The last Labour government didn’t just drift into an unfair tax system. Nor was it a result of the financial crash during their last two years in office. It was by design. Blair and Brown promised to hold down taxes for the rich. They kept the top rate of income tax at 40%, the rate set by Nigel Lawson in 1988. But they slashed capital gains tax from 40% to 18%. I often taunt Labour MPs with Mandelson’s assertion that New Labour was “intensely relaxed about people getting filthy rich” and usually stop there. To be fair, he went on to say “as long as they pay their taxes.” Taxes, that is, which were held down by his government and a tax system that was somewhat leaky.
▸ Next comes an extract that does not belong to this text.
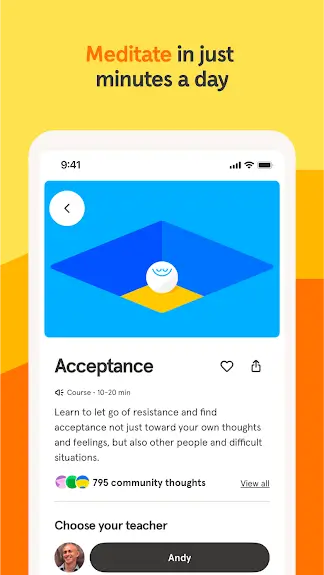 Headspace-Mod-Apk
For thirteen years Labour refused to introduce a general anti-avoidance rule.
So what have the Liberal Democrats done in government? Well we made sure that our number one manifesto commitment, a £10,000 annual income tax allowance, was the fiscal priority in the Coalition Agreement. Each Budget has seen us get ever closer to the goal of giving everyone £10,000 of tax free pay. The next tax year starts in April, when the allowance will be £9,440 which means that someone will pay £600 less tax than when the Coalition came to office. A dual income household will receive a £1,200 tax cut, thanks to the Liberal Democrats.
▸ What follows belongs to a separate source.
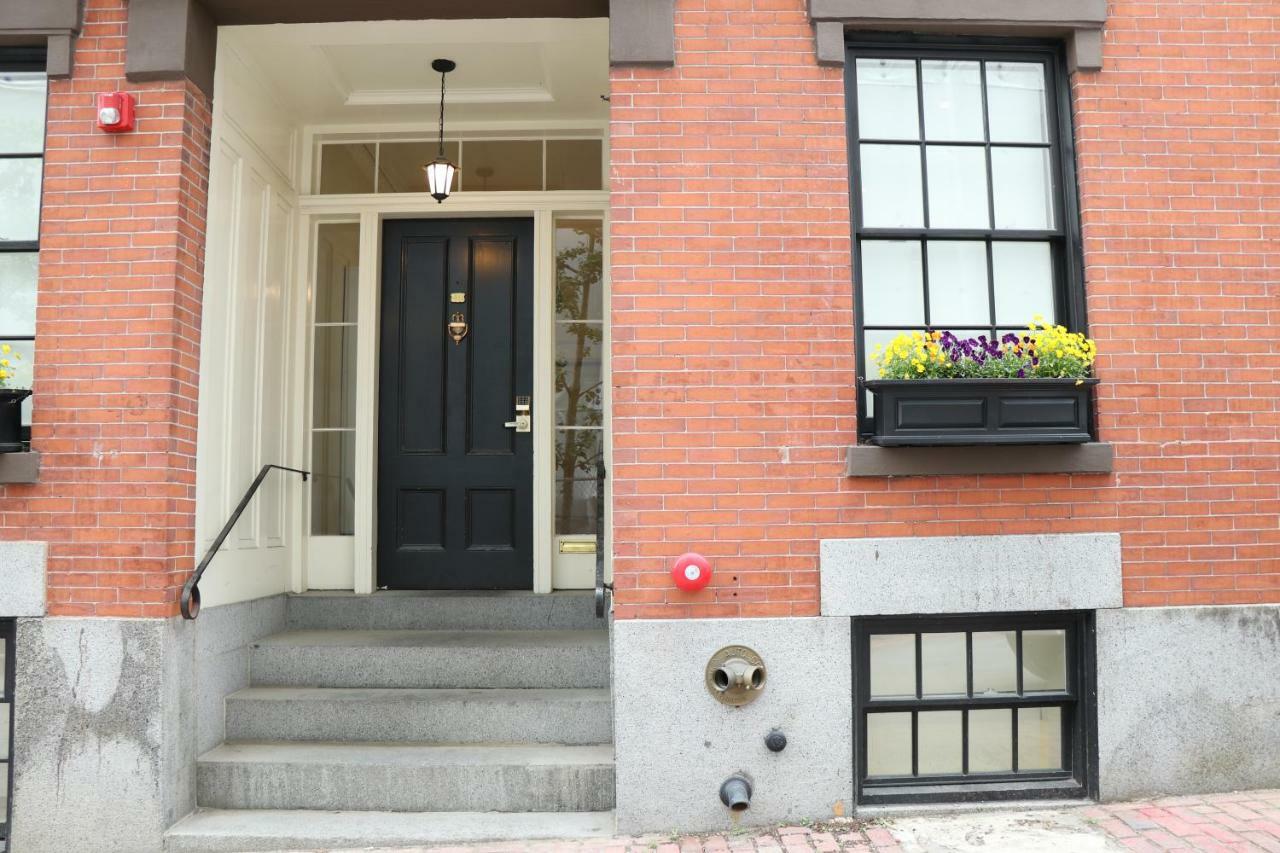 Apartment Cozy Furnished In Beacon Hill #4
I’m hopeful that we will hit the £10,000 allowance in April 2014. As chair of the Lib Dems’ Parliamentary Economic Affairs Committee, it’s top of the list of my Budget submissions to the Treasury.
But that’s not all. As well as giving a big tax break to low and middle earners we’ve made sure that the rich make their fair contribution to reducing the budget deficit. For the first three years of the Coalition we will have kept the 50% top rate of income tax, put in place by Alistair Darling a month before the 2010 general election. From April we will have put in place more effective taxes on the wealthy, bringing in more money. The tax rate will be 45%,broadly in line with most other major economies.
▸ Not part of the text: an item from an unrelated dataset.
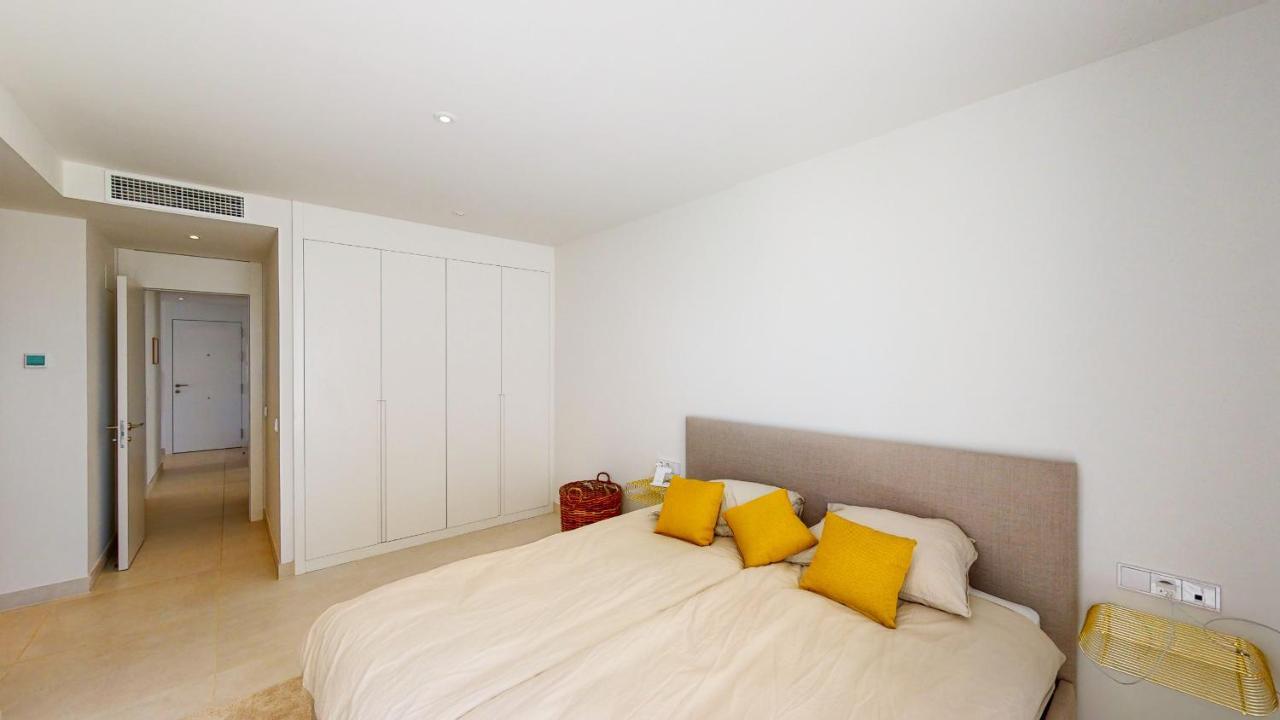 Apartment Higueron West Iii - Ground Floor Private Pool Fuengirola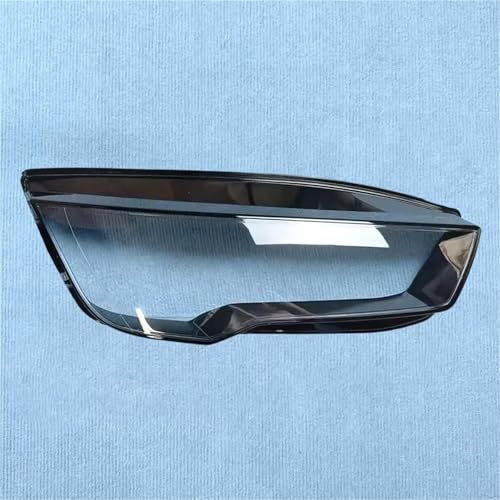 Lentille de phare avant A7 2015-2018 coque pour rouler sereinement la nuit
As well as a top rate higher than the one set by Labour for all bar 36 days of their time in office, we will have slashed the tax relief high earners get for contributions to their own pension funds. Under Labour a rich banker could put £250,000 into their fund and get tax relief. The new limit will be just £40,000. We’ve also introduced a new higher rate of stamp duty of 7% on house purchase over £2million. And we’ve slapped a big surcharge on houses held in trusts and companies, a form of tax avoidance that grew unchecked under Labour.
To tackle tax avoidance by both companies and rich individuals we’re putting in place a general anti-abuse rule. I’ve been raising the issue of international corporate tax avoidance for the last couple of years, calling for action by the EU and the OECD. The Coalition is now making combatting tax avoidance a major aim during our presidency this year of the G8. Corporate tax avoidance also harms developing countries. I’ve been working with Action Aid and Christian Aid to highlight these issues in Parliament.
Oh, and finally, we’ve increased capital gains tax to 28% so a city trader no longer pays less tax than the cleaner.
At just over half way through the Coalition these are significant achievements. Liberal Democrats in government have done much to achieve that fairer more balanced tax system that we all campaigned for in 2010. We’ve put more money in the pockets of ordinary families and taken more off the wealthiest. A record to be proud of and something we should shout about from the rooftops.